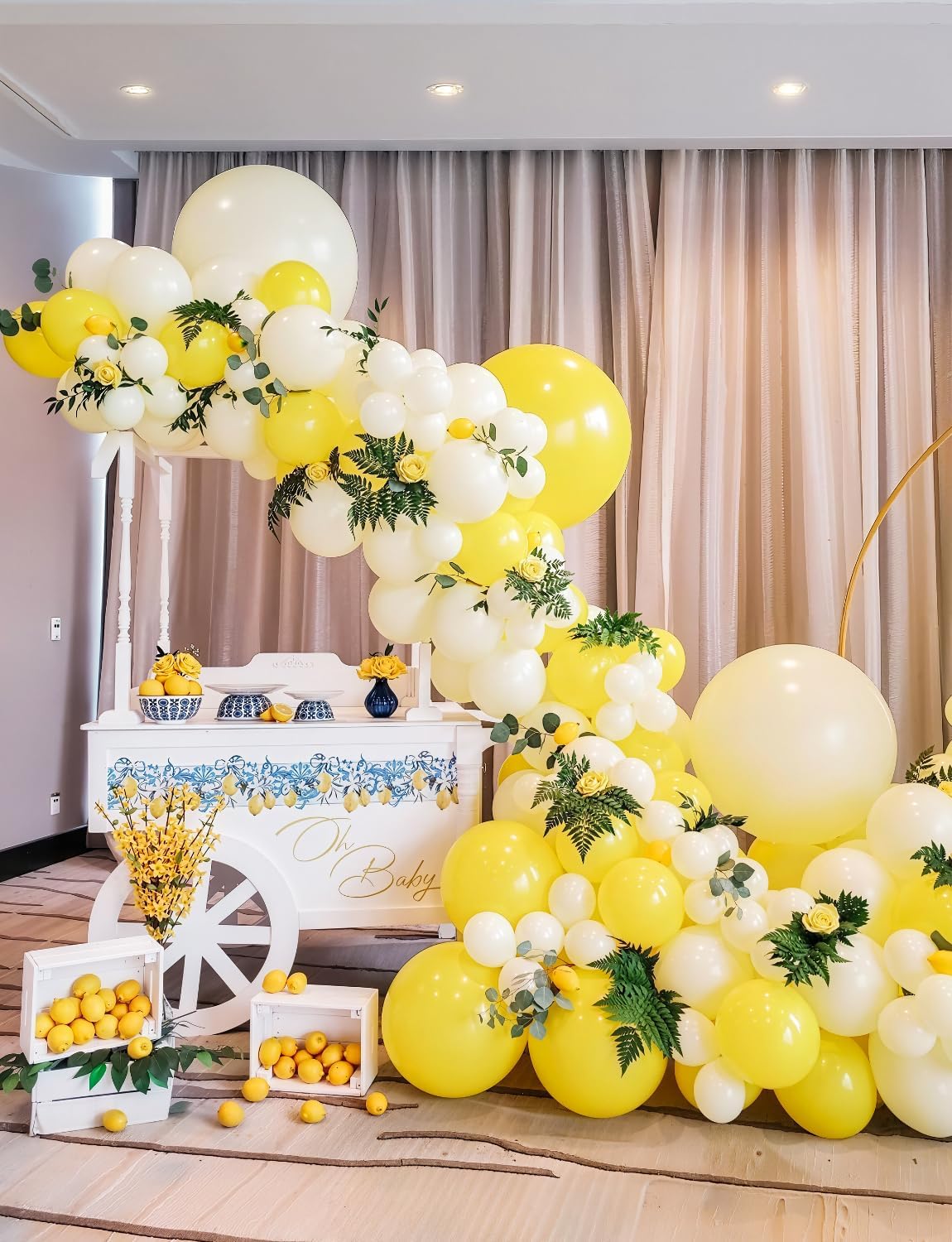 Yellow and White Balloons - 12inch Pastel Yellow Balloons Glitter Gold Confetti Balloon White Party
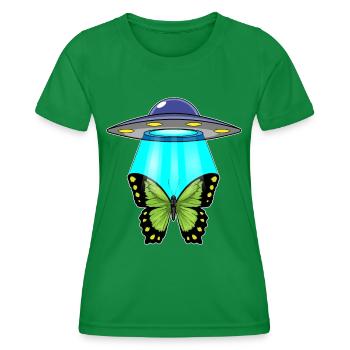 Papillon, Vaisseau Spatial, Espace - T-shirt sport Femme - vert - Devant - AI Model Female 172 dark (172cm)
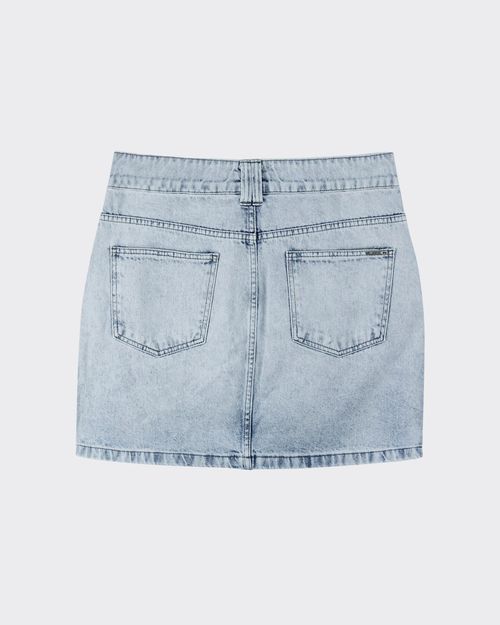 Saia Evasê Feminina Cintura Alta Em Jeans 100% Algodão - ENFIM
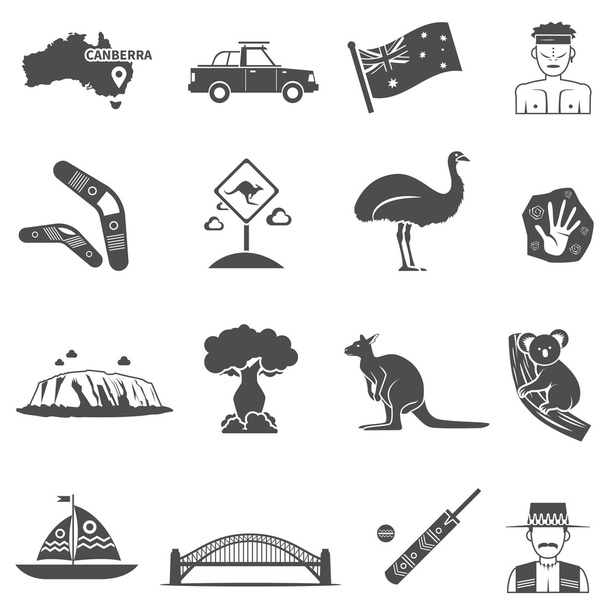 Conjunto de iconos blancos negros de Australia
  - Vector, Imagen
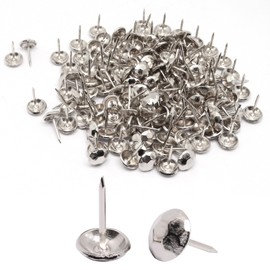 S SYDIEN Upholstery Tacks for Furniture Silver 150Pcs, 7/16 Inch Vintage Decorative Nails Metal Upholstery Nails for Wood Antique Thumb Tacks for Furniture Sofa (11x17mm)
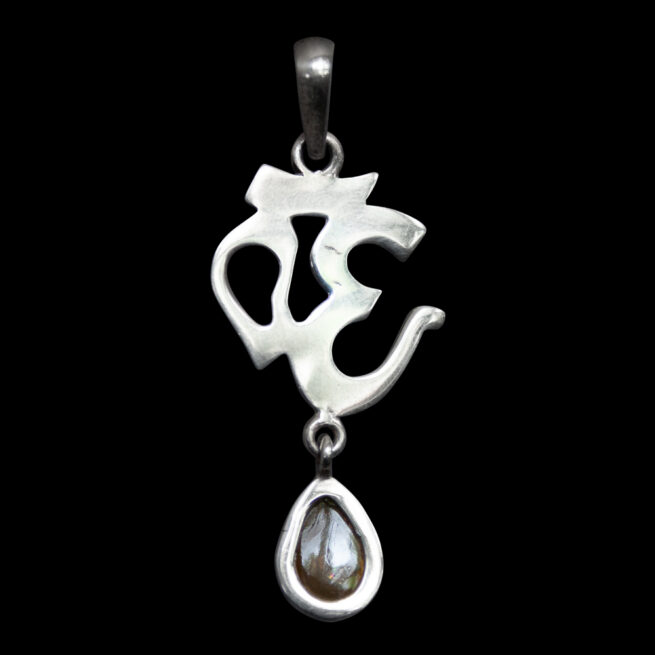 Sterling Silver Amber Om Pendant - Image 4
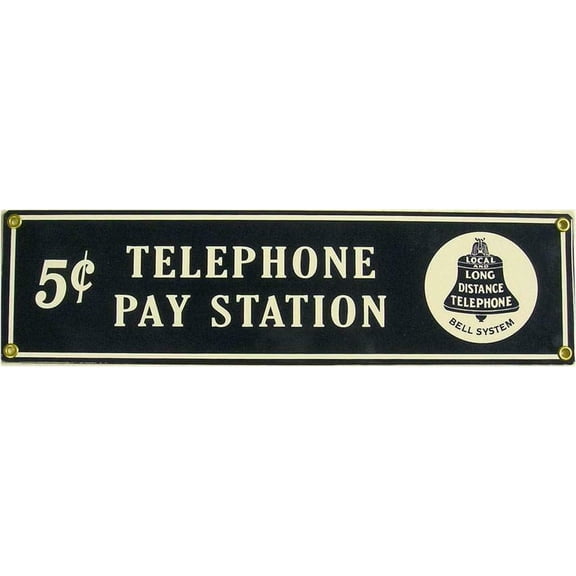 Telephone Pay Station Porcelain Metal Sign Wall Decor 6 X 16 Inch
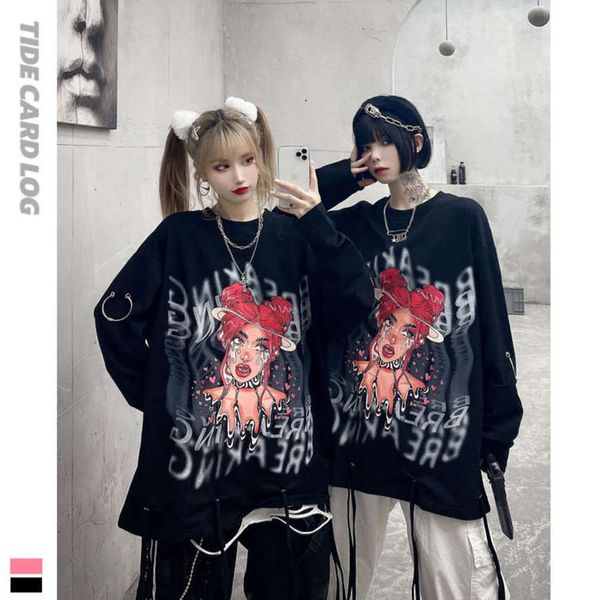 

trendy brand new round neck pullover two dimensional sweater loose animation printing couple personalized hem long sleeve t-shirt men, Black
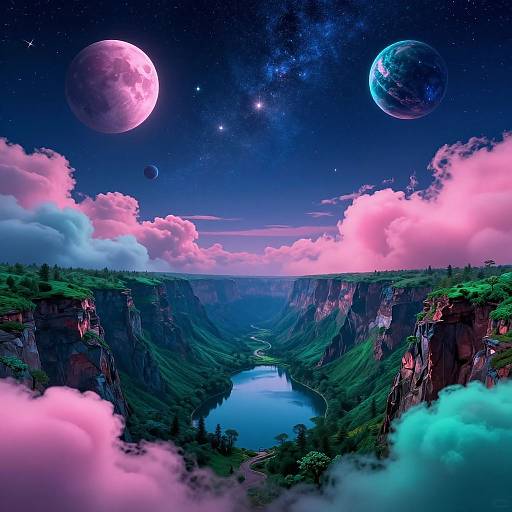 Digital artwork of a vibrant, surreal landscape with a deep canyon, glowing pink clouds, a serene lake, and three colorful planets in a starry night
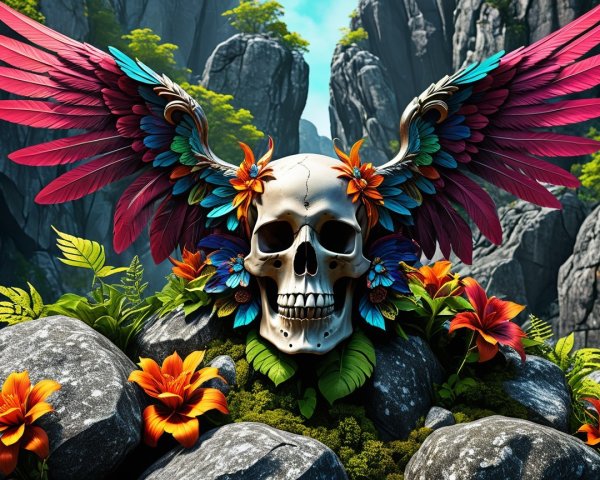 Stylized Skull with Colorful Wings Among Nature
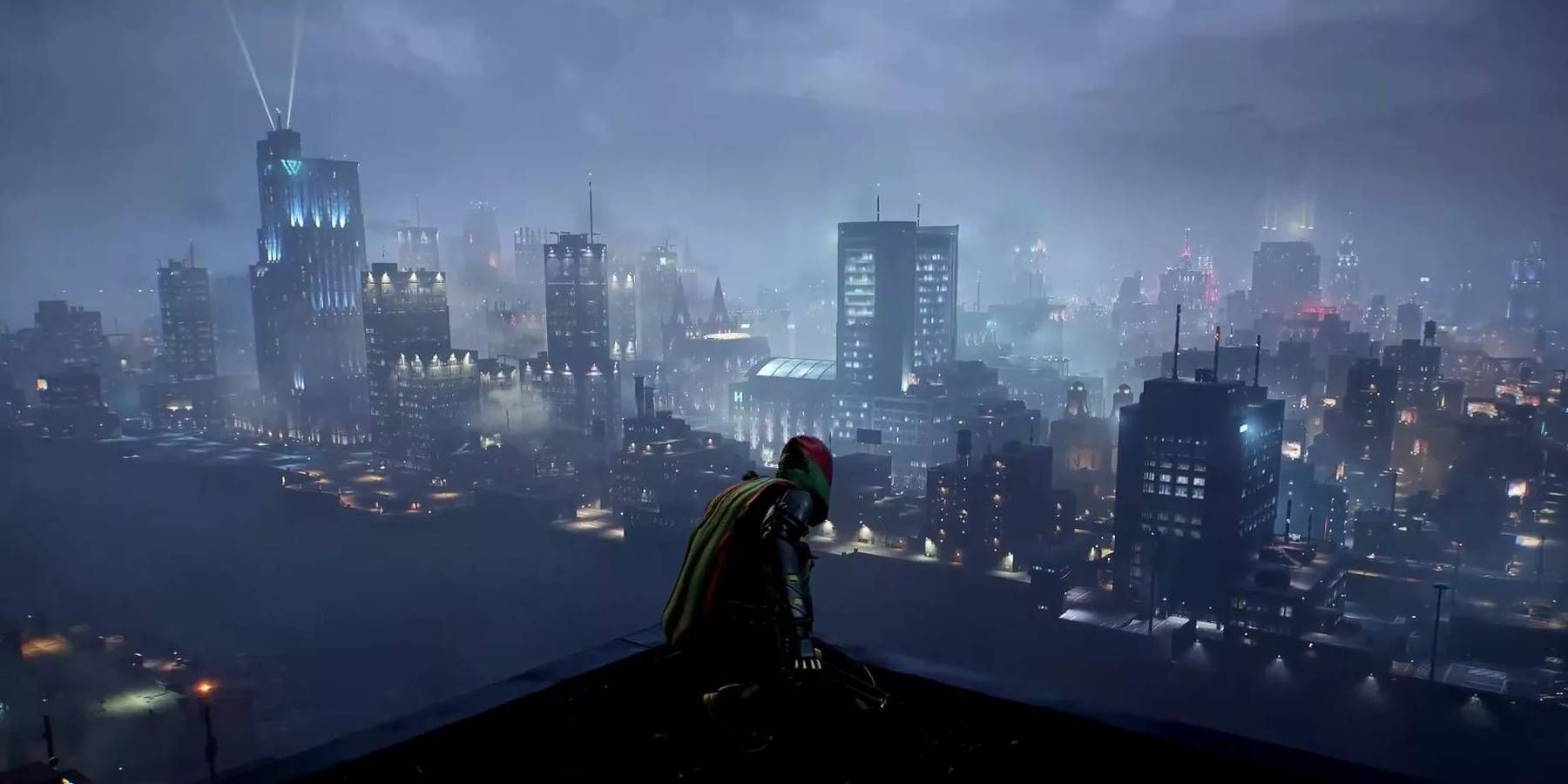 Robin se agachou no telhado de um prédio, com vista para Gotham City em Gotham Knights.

> _What the task asks_:
The expected output is the full material above, unaltered, with pictures removed.

> _Result of the exercise_:
 Yellow and White Balloons - 12inch Pastel Yellow Balloons Glitter Gold Confetti Balloon White Party
 Papillon, Vaisseau Spatial, Espace - T-shirt sport Femme - vert - Devant - AI Model Female 172 dark (172cm)
 Saia Evasê Feminina Cintura Alta Em Jeans 100% Algodão - ENFIM
 Conjunto de iconos blancos negros de Australia
  - Vector, Imagen
 S SYDIEN Upholstery Tacks for Furniture Silver 150Pcs, 7/16 Inch Vintage Decorative Nails Metal Upholstery Nails for Wood Antique Thumb Tacks for Furniture Sofa (11x17mm)
 Sterling Silver Amber Om Pendant - Image 4
 Telephone Pay Station Porcelain Metal Sign Wall Decor 6 X 16 Inch

trendy brand new round neck pullover two dimensional sweater loose animation printing couple personalized hem long sleeve t-shirt men, Black
 Digital artwork of a vibrant, surreal landscape with a deep canyon, glowing pink clouds, a serene lake, and three colorful planets in a starry night
 Stylized Skull with Colorful Wings Among Nature
 Robin se agachou no telhado de um prédio, com vista para Gotham City em Gotham Knights.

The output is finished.